Eva Rita Berger

Location 
Nollendorfstr. 19
District
Schöneberg
Stone was laid
21 March 2011
Born
29 March 1923 in Leipzig
Escape
nach Belgien
Verhaftet
in Mechelen (Belgien)
Deportation
on 04 April 1944 to Auschwitz
Murdered
02 October 1944 in Auschwitz
Eva Rita Berger was born on 29 March 1923 in Leipzig. Her parents were Leon Berger (born 1 June 1980 in Leipzig), a tradesman, and his wife Paula (known as Perl), née Schiffmann (born 28 January 1895), who came from Lopianka, some 70 km northeast of Warsaw. Eva had an older sister, Etta, born on 18 December 1919 in Dresden.
By 1926 the family had moved to Berlin, where they initially lived in the Charlottenburg district, moving to an apartment at Nollendorf Straße 19 in Schöneberg some time around 1932. Leon Berger ran a furnishing textiles business, selling furniture coverings and wall hangings.

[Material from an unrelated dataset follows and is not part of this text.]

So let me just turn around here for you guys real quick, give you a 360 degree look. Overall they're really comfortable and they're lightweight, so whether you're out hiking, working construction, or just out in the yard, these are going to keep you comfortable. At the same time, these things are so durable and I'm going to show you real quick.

In October 1929 Eva Berger started school at Volksschule Wilhelmstraße (district unknown). Later she attended a Zionist-oriented private school at Klopstock Straße 58 in Tiergarten. Founded in 1920 by the Jewish Schools Association, the school boomed in popularity after 1933 as ever more children with Jewish backgrounds left state schools to avoid the increasing harassment. The premises at Klopstock Straße soon became too small and, in early 1934, the Theodor Herzl School, as it was now called, moved to new premises at Kaiserdamm 78. In the night of progroms, 9 - 10 November 1938, the school was so badly vandalized that no regular schooling took place afterwards. The school was officially closed on 31 March 1939.
Around 1935, the Berger family moved to the district of Friedrichshain. They are listed as living at Barnim Straße 22 in the Berlin directories up to 1939. They probably fled Berlin, then, in the early months of 1939. Their destination was Belgium. Nothing is known of the circumstances in which Eva Berger, her sister Etta and their parents lived after Belgium’s occupation by the German Army.

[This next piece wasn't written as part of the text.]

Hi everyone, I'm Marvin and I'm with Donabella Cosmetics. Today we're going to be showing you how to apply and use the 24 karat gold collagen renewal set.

Records only show that all four members of the Berger family were detained in the Belgian SS assembly camp Mechelen (French: Malines), which had been set up in a barracks in June 1942, and that they were deported on 4 April 1944 with the 24th transport to Auschwitz.
In Auschwitz-Birkenau concentration camp, Eva Berger was given the prisoner number 76606, as a list of laboratory examinations, dated 28 September 1944 and issued by a camp doctor, shows. She was murdered in Auschwitz on 2 October 1944, aged 21. Her parents were also killed there. Her sister Etta managed to survive the remaining months until the camp’s liberation on 27 January 1945.